Subsidiairement, dans l'hypothèse où les demandes de M. [W] prospéraient à son encontre':

-de condamner la SA FMC Automobiles à la relever et garantir de toutes condamnations qui pourraient être prononcées à son encontre, et notamment en ce qui concerne un éventuel report des garanties lesquelles doivent au final demeurer à la charge de la SA FMC Automobiles

En toute hypothèse au stade de l'appel':

-de condamner in solidum tout succombant à lui payer la somme de 2.500 euros au titre de l'article 700 du code de procédure civile ainsi qu'aux entiers dépens.

Au soutien de ses prétentions, elle fait valoir qu'elle n'est qu'un simple revendeur de véhicules que l'importateur lui fournit, qu'elle a revendu le véhicule avec les droits et accessoires qui lui sont attachés mais n'est pas en mesure de se substituer ou de modifier les garanties attachées. Elle ne peut devoir des garanties données par la SA FMC Automobiles et il appartient à cette dernière de prendre des conclusions sur l'extension sollicitée des garanties.

Elle estime qu'elle n'a commis aucun manquement contractuel et qu'elle a accompli toutes les diligences nécessaires permettant de satisfaire au mieux l'acquéreur final.

Elle considère que c'est la SA FMC Automobiles qui n'a pas respecté le délai de livraison convenu et que c'est donc elle qui doit en répondre auprès de M. [W].

Par conclusions déposées et notifiées le 19 septembre 2023, la SA FMC Automobile demande à la cour':

-de confirmer le jugement en ce qu'il a débouté les appelants de demandes dirigées à son encontre et en ce qu'il les a condamnés à lui verser une indemnité au titre des frais irrépétibles,

A titre subsidiaire':

-de confirmer le jugement en ce qu'il a débouté les appelants des demandes dirigées à son encontre et en ce qu'il les a condamnés à lui verser une indemnité au titre des frais irrépétibles,

A titre infiniment subsidiaire et statuant à nouveau':

-de débouter M. [W] de ses autres demandes,

-de débouter la SAS Grim Auto des demandes présentées à son encontre tant sur le fondement de la responsabilité contractuelle que sur le fondement de la garantie des vices cachés.

En toute hypothèse':

-de condamner tout succombant à lui verser la somme de 3.000 euros sur le fondement de l'article 700 du code de procédure civile.

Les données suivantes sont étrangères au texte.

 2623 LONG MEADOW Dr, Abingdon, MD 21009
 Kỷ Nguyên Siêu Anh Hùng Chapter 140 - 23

Au soutien de ses prétentions, elle fait valoir qu'elle n'a pas commis de faute contractuelle et qu'elle ne saurait engager sa responsabilité en raison des fautes personnelles commises par la SAS Grim Auto.

Elle ajoute ne pas être responsable de la campagne de rappel et donc du retard dans le délai de livraison, que M. [W] l'a par ailleurs accepté et ne peut se prévaloir d'un quelconque préjudice. Il n'a en outre subi aucun préjudice en lien de causalité direct et immédiat avec une quelconque faute de sa part.

Sur les garanties, elle précise que les échéances étaient contractuellement prévues par Ford France et que M. [W] bénéficie d'une garantie commerciale constructeur de 2 ans ainsi qu'une garantie Ford Protect d'une durée de 3 ans. Elle rappelle encore qu'elle est tiers au contrat et qu'aucune responsabilité ne peut lui incomber, la SAS Grim Auto s'étant engagée personnellement.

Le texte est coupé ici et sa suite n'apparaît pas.